The LRU caching mechanism can be implemented with a hash table and a bidirectional linked list. We maintain all the key-value pairs in the cache with a hash table and a bidirectional linked list.

  • The bidirectional list stores these key-value pairs in the order in which they are used, with the key-value pair near the head being the most recently used and the key-value pair near the tail being the oldest unused.
  • A hash table is an ordinary hash map (HashMap), which maps the cache data to its location in the bidirectional linked list.

In this way, we first use the hash table to locate the cache item in the bidirectional list, and then move it to the head of the bidirectional list to complete the GET or PUT operation in O(1) time. Specific methods are as follows:

  • forgetOperation, first judgekeyDoes it exist:
    • If the key does not exist, -1−1 is returned.

    • If a key exists, the node corresponding to the key is the most recently used node. Hash the node to its position in the bidirectional list, move it to the head of the bidirectional list, and finally return the value of the node.

  • forputOperation, first judgekeyDoes it exist:
    • ifkeyDoes not exist, usekeyvalueCreate a new node, add it to the head of the bidirectional list, and set thekeyAnd the object is added to the hash table.
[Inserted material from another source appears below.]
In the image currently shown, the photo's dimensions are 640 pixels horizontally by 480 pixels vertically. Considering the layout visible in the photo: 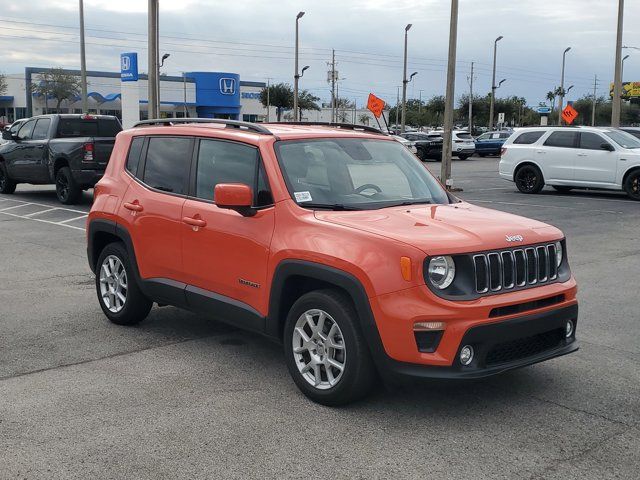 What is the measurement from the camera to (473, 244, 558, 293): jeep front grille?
456 cm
Then determine whether the number of nodes in the bidirectional linked list exceeds the capacity, if so, delete the tail nodes of the bidirectional linked list, and delete the corresponding items in the hash table;
    • ifkeyExistence, andgetThe operation is similar to that of locating the node through the hash table and then updating the value of the corresponding node tovalueAnd moves the node to the head of the bidirectional list.
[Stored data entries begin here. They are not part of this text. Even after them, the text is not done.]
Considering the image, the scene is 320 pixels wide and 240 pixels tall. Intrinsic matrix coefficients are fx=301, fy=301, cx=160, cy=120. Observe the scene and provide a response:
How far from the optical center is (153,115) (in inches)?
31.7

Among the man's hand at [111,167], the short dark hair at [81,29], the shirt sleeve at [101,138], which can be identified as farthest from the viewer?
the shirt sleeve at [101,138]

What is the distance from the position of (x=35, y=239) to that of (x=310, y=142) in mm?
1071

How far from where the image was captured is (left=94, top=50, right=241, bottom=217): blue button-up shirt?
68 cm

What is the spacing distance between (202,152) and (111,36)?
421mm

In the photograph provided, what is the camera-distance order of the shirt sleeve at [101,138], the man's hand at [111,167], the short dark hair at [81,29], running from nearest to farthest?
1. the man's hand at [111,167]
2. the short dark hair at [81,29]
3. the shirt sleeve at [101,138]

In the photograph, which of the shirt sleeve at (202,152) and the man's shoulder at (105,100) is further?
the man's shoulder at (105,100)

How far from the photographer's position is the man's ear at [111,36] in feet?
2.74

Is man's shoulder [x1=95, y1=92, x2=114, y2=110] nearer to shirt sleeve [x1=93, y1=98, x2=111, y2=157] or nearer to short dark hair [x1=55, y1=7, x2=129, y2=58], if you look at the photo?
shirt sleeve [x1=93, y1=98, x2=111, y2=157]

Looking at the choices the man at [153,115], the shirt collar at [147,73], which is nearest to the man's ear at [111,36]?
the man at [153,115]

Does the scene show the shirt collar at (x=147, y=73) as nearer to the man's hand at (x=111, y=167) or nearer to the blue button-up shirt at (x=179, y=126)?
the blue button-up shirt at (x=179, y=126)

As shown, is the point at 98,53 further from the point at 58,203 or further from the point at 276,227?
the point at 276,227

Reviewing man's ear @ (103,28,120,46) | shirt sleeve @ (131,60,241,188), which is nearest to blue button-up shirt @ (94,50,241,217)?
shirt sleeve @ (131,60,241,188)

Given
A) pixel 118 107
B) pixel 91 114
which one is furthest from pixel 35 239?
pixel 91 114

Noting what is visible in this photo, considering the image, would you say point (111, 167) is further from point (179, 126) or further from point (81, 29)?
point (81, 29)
In each of the above operations, the time complexity of accessing the hash table is O(1), and the complexity of adding nodes at the head of the bidirectional list and deleting nodes at the tail of the bidirectional list is also O(1)O(1). Moving a node to the head of the bidirectional linked list can be divided into two steps: “delete the node” and “add node to the head of the bidirectional linked list”, both of which can be completed in O(1) time.

public class LRUCache { class DLinkedNode { int key; int value; DLinkedNode prev; DLinkedNode next; public DLinkedNode() {} public DLinkedNode(int _key, int _value) {key = _key; value = _value; } } private Map<Integer, DLinkedNode> cache = new HashMap<Integer, DLinkedNode>(); private int size; private int capacity; private DLinkedNode head, tail; public LRUCache(int capacity) { this.size = 0; this.capacity = capacity; Head = new DLinkedNode(); tail = new DLinkedNode(); head.next = tail; tail.prev = head; } public int get(int key) { DLinkedNode node = cache.get(key); if (node == null) { return -1; } // If the key exists, move it to the head moveToHead(node); return node.value; } public void put(int key, int value) { DLinkedNode node = cache.get(key); NewNode = new DLinkedNode(key, value); if (node == null) {// If the key does not exist, create a new node. // Add to the hash table cache.put(key, newNode); // Add to the head of the bidirectional list addToHead(newNode); ++size; If (size > capacity) {// If (size > capacity) {DLinkedNode tail = removeTail(); Remove (tail.key); // Delete the corresponding entry in the hash table cache.remove(tail.key); --size; }} else {// If the key is present, then change the value and move it to the header node.value = value; moveToHead(node); } } private void addToHead(DLinkedNode node) { node.prev = head; node.next = head.next; head.next.prev = node; head.next = node; } private void removeNode(DLinkedNode node) { node.prev.next = node.next; node.next.prev = node.prev; } private void moveToHead(DLinkedNode node) { removeNode(node); addToHead(node); } private DLinkedNode removeTail() { DLinkedNode res = tail.prev; removeNode(res); return res; }}Copy the code

Complexity analysis

  • Time complexity: O(1) for put and GET.

  • Space complexity: O(capacity), because hash tables and bidirectional linked lists store maximum capacity+1 element.